I don't think arrays_csharp is what you're looking for here. It seems to be about pinning memory so it can be used as input to a function, but in your scenario you've got memory already allocated that you'd like to work with.

That's fairly easy (and for a 3D vector pretty cheap), using System.InteropServices.Marshal normally.
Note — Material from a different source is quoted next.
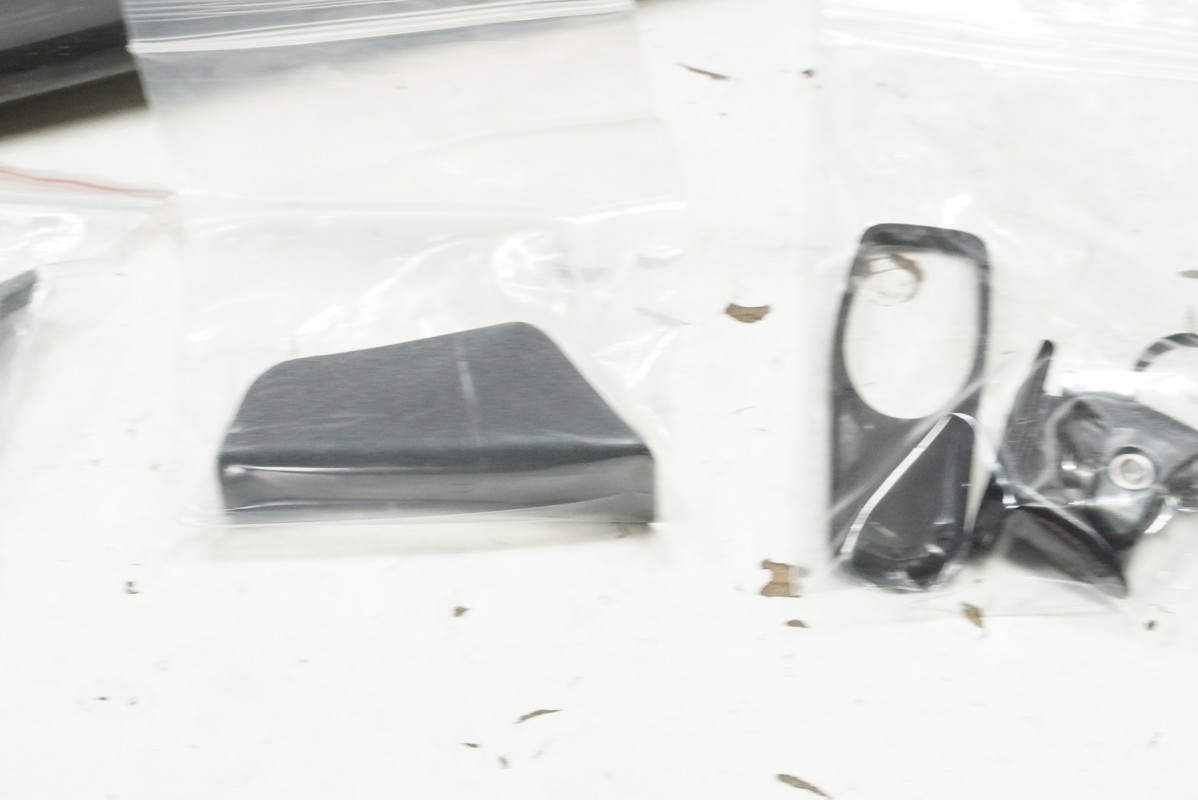 X111E additional photo 61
So I put together a few typemaps using that which does what you want:

%module test
%typemap(csout,excode=SWIGEXCODE) unsigned *getVector {
    global::System.IntPtr cPtr = $imcall;$excode
    int[] tmp = new int[3];
    // I have no idea why Marshal.Copy does not seem to have any support for unsigned types...
    global::System.Runtime.InteropServices.Marshal.Copy(cPtr, tmp, 0, 3);
    // There is probably a better way to go from int[3] -> uint[3], but it is not obvious to me
    return new $typemap(cstype, $*1_type)[3]{($typemap(cstype, $*1_type))tmp[0],($typemap(cstype, $*1_type))tmp[1],($typemap(cstype, $*1_type))tmp[2]};
}

%typemap(cstype) unsigned *getVector "$typemap(cstype, $*1_type)[]"

%inline %{
unsigned *getVector() {
  static unsigned arr[3] = {1,2,3};
  return arr;
}
%}

A few notes though:

  • $typemap(cstype, $*1_type) is a fancy way of saying find me the C# type corresponding to my C element type. I tend to try and avoid explicitly writing types in typemaps as it makes things more generic.
  • Having said that Marshal.Copy only seems to work with signed rather than unsigned array types, for reasons I can't quite figure out. And I can't see an automatic way to find the corresponding signed type for an unsigned one, so I did have to explicitly write int[]
  • I'm not sure that signed -> unsigned casting is actually well defined behaviour in C#. Maybe this won't work properly for values where the last bit is set. You can work around that by increasing the size of the int type for tmp. (E.g. use int64 instead of int32, but that's not pretty)
  • There ought to be a better way to cast a whole array than what I've done, but I don't know the C# language all that well.

That said this is sufficient that I can run the following program (with Mono) and get the output expected

public class runme {
  static void Main(string[] args) {
    uint[] arr = test.getVector();
    System.Console.WriteLine(arr[0]);
    System.Console.WriteLine(arr[1]);
    System.Console.WriteLine(arr[2]);
  }
}

We could do a bunch more work to make this generic (i.e. other size vectors, other datatypes int16[4], etc.) if that was useful.